If any of the conditions specified in this Section 6 shall not have been fulfilled when and as
provided in this Agreement, or if any of the opinions and certificates mentioned above or elsewhere
in this Agreement shall not be reasonably satisfactory in form and substance to the Representatives
and counsel for the Underwriters, this Agreement and all obligations of the Underwriters hereunder
may be canceled at, or at any time prior to, the Closing Date by the Representatives.

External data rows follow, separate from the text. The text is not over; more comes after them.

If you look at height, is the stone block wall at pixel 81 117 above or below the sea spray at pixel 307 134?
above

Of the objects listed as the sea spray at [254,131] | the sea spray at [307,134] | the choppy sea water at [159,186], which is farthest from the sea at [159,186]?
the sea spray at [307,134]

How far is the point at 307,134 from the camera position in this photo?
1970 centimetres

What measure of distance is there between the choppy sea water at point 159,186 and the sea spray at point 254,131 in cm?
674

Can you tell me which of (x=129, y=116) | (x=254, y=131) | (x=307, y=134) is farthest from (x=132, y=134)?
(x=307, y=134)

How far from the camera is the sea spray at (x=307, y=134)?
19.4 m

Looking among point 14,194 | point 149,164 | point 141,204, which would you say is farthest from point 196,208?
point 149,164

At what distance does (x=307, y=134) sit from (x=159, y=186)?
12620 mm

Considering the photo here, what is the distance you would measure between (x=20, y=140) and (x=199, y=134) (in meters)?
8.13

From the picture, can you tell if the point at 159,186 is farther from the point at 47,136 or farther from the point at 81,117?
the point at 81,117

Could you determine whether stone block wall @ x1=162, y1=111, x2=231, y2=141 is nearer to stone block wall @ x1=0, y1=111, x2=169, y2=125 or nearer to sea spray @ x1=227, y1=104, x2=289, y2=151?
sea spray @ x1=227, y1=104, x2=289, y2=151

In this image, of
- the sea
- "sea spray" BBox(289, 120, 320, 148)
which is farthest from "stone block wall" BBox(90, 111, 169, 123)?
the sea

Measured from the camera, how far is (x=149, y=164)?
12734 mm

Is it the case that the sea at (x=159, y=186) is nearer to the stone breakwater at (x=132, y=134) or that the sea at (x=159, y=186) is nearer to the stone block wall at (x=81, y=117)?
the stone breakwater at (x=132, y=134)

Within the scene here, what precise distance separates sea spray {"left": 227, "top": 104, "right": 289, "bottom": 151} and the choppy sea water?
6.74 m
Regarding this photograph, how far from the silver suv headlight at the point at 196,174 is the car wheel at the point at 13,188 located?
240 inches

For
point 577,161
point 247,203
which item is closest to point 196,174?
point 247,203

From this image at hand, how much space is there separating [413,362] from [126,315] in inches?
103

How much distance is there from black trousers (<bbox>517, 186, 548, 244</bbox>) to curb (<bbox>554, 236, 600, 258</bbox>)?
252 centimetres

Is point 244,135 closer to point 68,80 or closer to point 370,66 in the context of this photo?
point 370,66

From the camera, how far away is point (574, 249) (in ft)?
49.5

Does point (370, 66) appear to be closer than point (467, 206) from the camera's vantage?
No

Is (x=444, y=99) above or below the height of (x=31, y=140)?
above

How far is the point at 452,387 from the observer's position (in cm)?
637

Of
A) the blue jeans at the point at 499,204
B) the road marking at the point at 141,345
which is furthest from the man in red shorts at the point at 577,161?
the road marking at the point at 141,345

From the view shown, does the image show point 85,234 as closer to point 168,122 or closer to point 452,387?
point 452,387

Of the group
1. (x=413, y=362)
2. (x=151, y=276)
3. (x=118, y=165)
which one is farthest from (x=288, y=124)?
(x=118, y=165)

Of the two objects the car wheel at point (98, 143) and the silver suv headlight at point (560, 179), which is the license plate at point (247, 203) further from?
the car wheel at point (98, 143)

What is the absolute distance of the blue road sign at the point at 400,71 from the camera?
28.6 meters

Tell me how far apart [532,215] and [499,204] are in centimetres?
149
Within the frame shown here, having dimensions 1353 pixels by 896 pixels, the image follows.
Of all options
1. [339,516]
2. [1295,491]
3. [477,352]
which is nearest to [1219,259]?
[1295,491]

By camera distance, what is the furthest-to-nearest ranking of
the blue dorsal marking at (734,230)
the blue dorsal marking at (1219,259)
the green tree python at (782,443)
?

Notice of
such cancellation shall be given to the Partnership in writing or by telephone or facsimile
confirmed in writing.
The documents required to be delivered by this Section 6 shall be delivered at the office of
Holland & Xxxx LLP, counsel for the Partnership, at 000 00xx Xxxxxx, Xxxxx 0000, Xxxxxx, Xxxxxxxx
00000, on or prior to the Closing Date.
7. Reimbursement of Underwriters’ Expenses.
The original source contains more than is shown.